Die schrittweise Übergabe der Sicherheitsverantwortung kommt zeitgleich mit dem Beginn des Rückzugs der ersten Nato-Soldaten aus Afghanistan. Die USA wollen noch in diesem Jahr 10 000 Soldaten aus Afghanistan zurückholen, bis zum Sommer 2012 sollen insgesamt 33 000 Soldaten heimkehren. Auch andere Nato-Staaten wollen im zehnten Jahr des Einsatzes in Afghanistan ihre Kontingente verkleinern — das gilt auch für Deutschland, wenn sich die Bundesregierung bislang auch mit konkreten Zahlen zurückhält.

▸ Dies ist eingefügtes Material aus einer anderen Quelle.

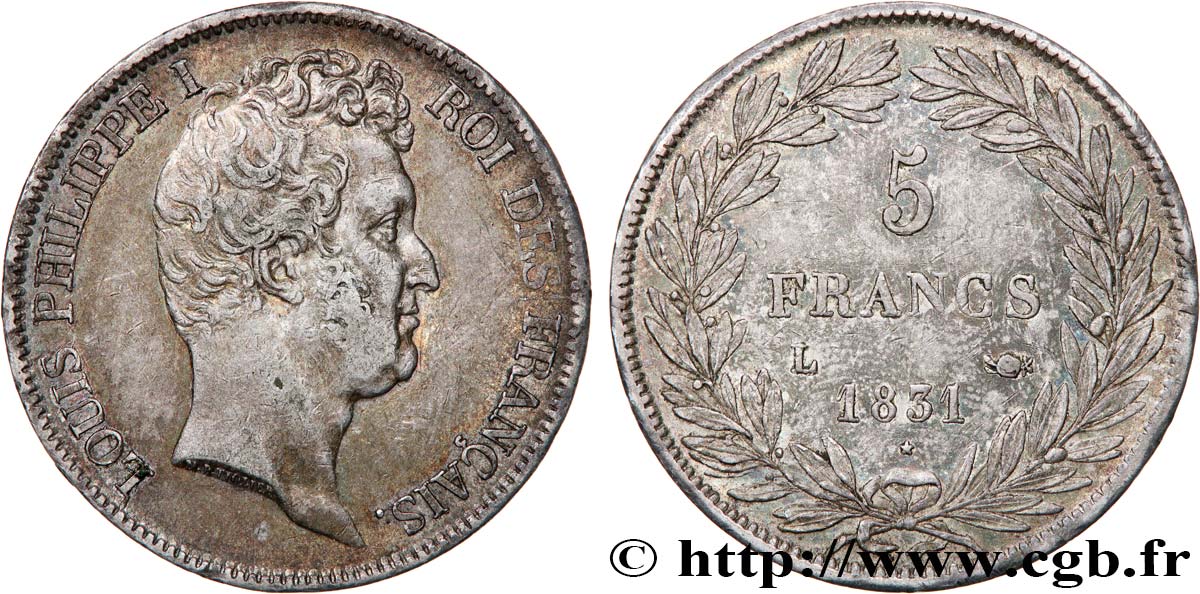 5 francs type Tiolier avec le I, tranche en creux 1831 Bayonne F.315/21 AU50 
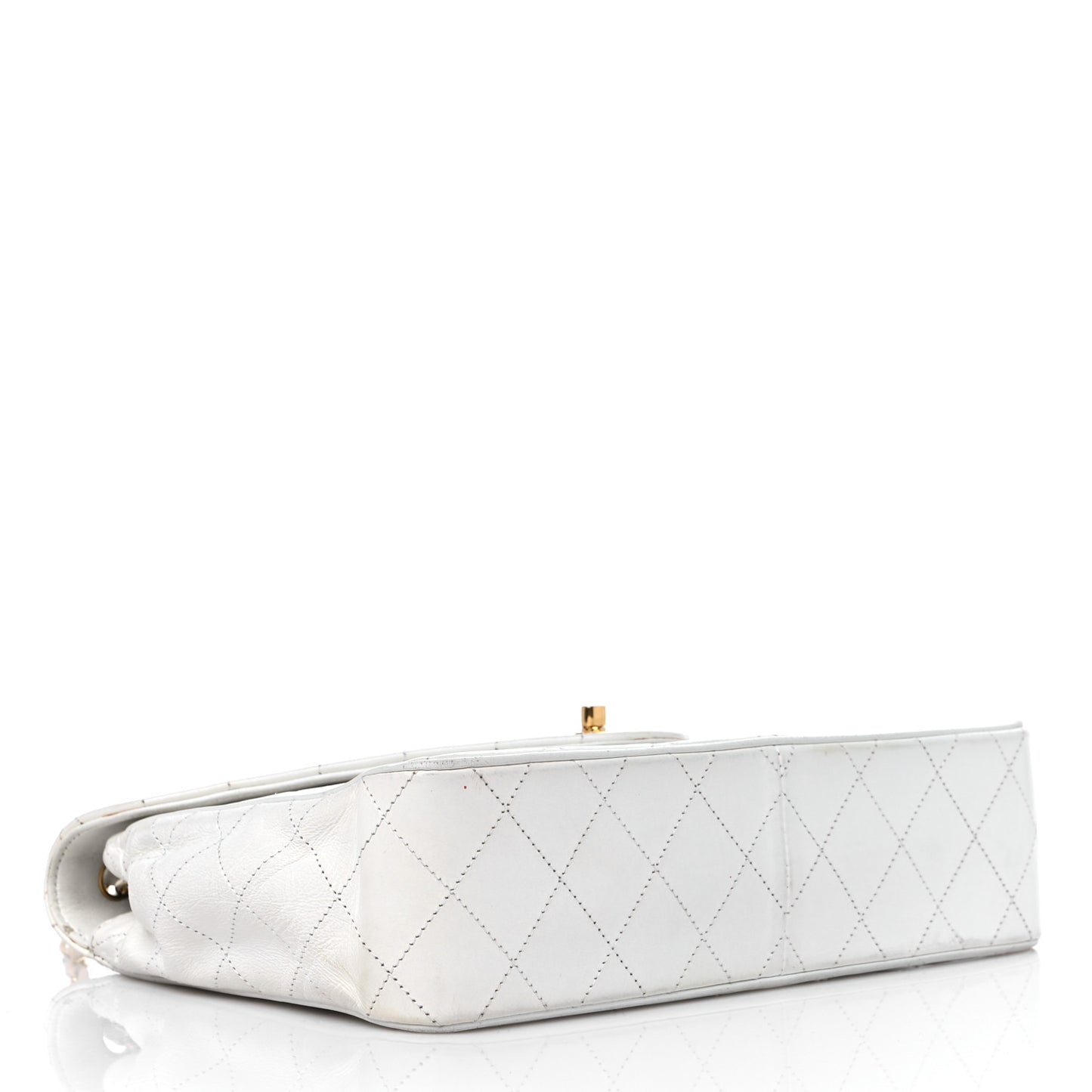 Lambskin Quilted Envelope Flap White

Nur einen Tag vor der offiziellen Übergabe der Sicherheitsverantwortung versicherte Bundesaußenminister Guido Westerwelle (FDP) bei einem Besuch in Masar-i-Scharif aber, die Stadt sei auf die neue Verantwortung gut vorbereitet. Westerwelle versprach: „Das ist eine neue Arbeitsteilung, aber nicht das Ende unserer Kooperation.“ Tatsächlich ändert sich für die mehr als 3000 deutschen Soldaten, die laut Bundeswehr in und um Masar-i-Scharif stationiert sind, erst einmal wenig. Denn der Isaf-Einsatz in dem Land geht weiter.